Impact of Janus kinase inhibitors and methotrexate on interstitial lung disease in rheumatoid arthritis patients

Abstract

Objectives: Little is known about how various treatments impact the progression of interstitial lung disease (ILD) in rheumatoid arthritis (RA) patients. Here, we compared ILD progression in RA patients treated with Janus kinase inhibitors (JAKi) or biological disease-modifying anti-rheumatic drugs (bDMARDs). In vitro experiments were also performed to evaluate the potential effects of the drugs on epithelial-mesenchymal transition (EMT), a key event in pulmonary fibrosis.

Methods: This retrospective study included 93 RA-ILD patients who initiated treatment with JAKi, tumour necrosis factor inhibitors (TNFi), or abatacept between 2017 and 2020. Worsening ILD was quantified by changes in chest computed tomography (CT) scans between baseline and follow-up (mean 14 months, range 6-51 months). Response to treatment was evaluated using Disease Activity Score-28 with erythrocyte sedimentation rate (DAS28-ESR). Expression of the EMT marker N-cadherin in A549 lung cells was assessed by western blotting.

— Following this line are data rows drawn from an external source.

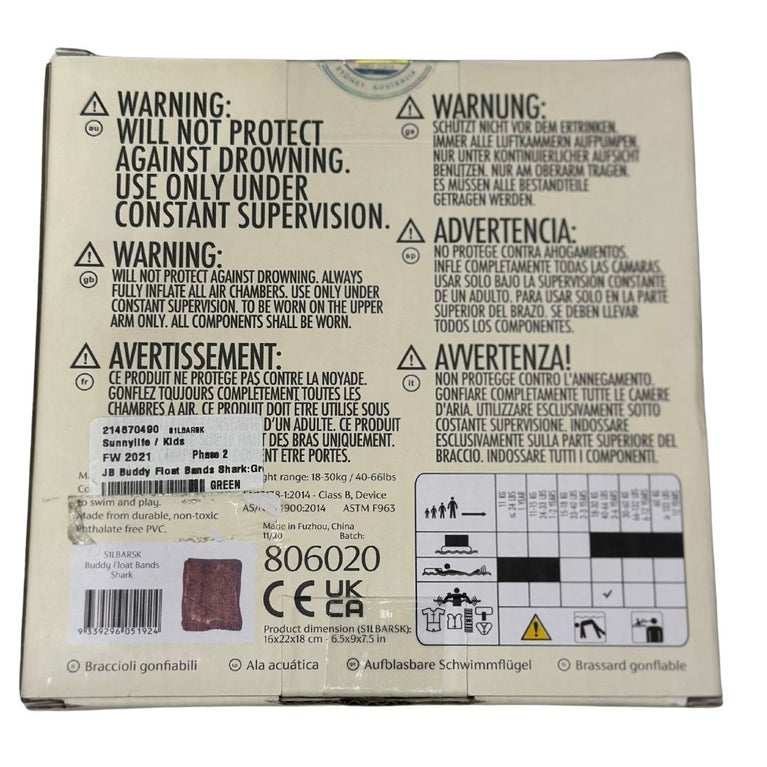 Sunny Life Kids Shark Attack Buddle Float Arm Bands - Green (3-6Y)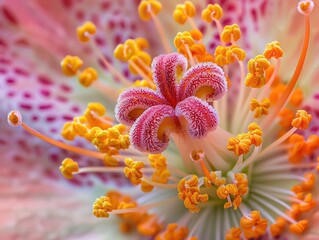 Fototapeta premium Macro photography of flower stamens and pistils, detailed and vibrant, Nature, Bright hues, Photograph, Floral intricacy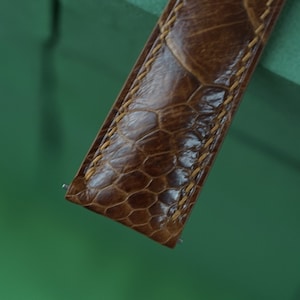 Ostrich Brown Leather Watch Strap 24mm 23mm 22mm 21mm 20mm 19mm 18mm 16mm 14mm LEACUS Handmade Leather Watch Straps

Results and discussion: Worsening ILD was detected in 19.4% (7/36), 16.7% (5/30), and 22.2% (6/27) of patients treated with JAKi, abatacept, and TNFi, respectively. Multivariate analysis identified female gender (P=0.043) and >10% fibrotic lesions (P=0.015) as significant predictors of worsening ILD. DAS28-ESR-based non-responder status was also significantly associated with worsening ILD (P=0.0085). In vitro, combination treatment with methotrexate and baricitinib significantly impeded EMT progression. Worsening ILD was associated with more extensive fibrotic lesions at baseline and female gender in RA patients treated with JAKi or bDMARDs. JAKi and methotrexate co-treatment may prove beneficial in modifying key events underlying the pathogenesis of RA-ILD.

Keywords: JAK inhibitors; RA-ILD; epithelial-mesenchymal transition; interstitial lung disease; methotrexate; rheumatoid arthritis.

Figure 1

Selection of rheumatoid arthritis patients with interstitial lung disease for this study. Flowchart of the selection process. The initial pool comprised total 468 patients with rheumatoid arthritis (RA) who started treatment with JAK inhibitors (JAKi), T cell co-stimulation inhibitor (CTLA4-Ig), or TNF inhibitors (TNFi) between 2017 and 2020. Patients were excluded if (i) treatment duration was <6 months, (ii) chest high-resolution computed tomography (HRCT) images were unavailable at either baseline or follow-up, (iii) interstitial lung disease was not noted on baseline HRCT images, (iv) bronchiolitis or emphysema was the main lesion, and (v) organizing pneumonia (OP) pattern was diagnosed.

Figure 2

Comparison of inflammatory and fibrotic lesion changes between good/moderate responders and non-responders. Change from baseline to follow-up in the good/moderate responder group (n=58) and non-responder group (n=21) based on EULAR response criteria and DAS28-ESR scores. Data are presented as the mean and standard deviation; circles represent individual patients. ** P <0.01.

Figure 3

Cumulative probability plots of change from baseline in CT scores. Change from baseline to follow-up (ΔCT score) for (A) all patients and (B, C) patients with pulmonary fibrosis lesions in ≤10% of the total lung field who were treated with (B) or without (C) concomitant methotrexate (MTX). Circles represent individual patients.

Figure 4

Effects of MTX and baricitinib treatment on IL-6-induced N-cadherin expression in A549 cells. (A–C) Western blot analysis (left panels) and relative quantification (right panels) of N-cadherin expression in A549 cells pre-treated with various concentrations of methotrexate (MTX) for 48 h (A), baricitinib (Bari) for 3 h (B), or 0.2 μM Bari and/or 0.3 μM MTX for 48 h and 3 h, respectively (C) and then stimulated with 50 ng/mL IL-6 for 24 h Data are expressed as the mean of duplicates (a and b) or the mean ± standard error of quadruplicates (C). *P<0.001 compared to the control group, †P<0.01 compared to the IL-6 group, and §P<0.05 compared to the IL-6+Bari group.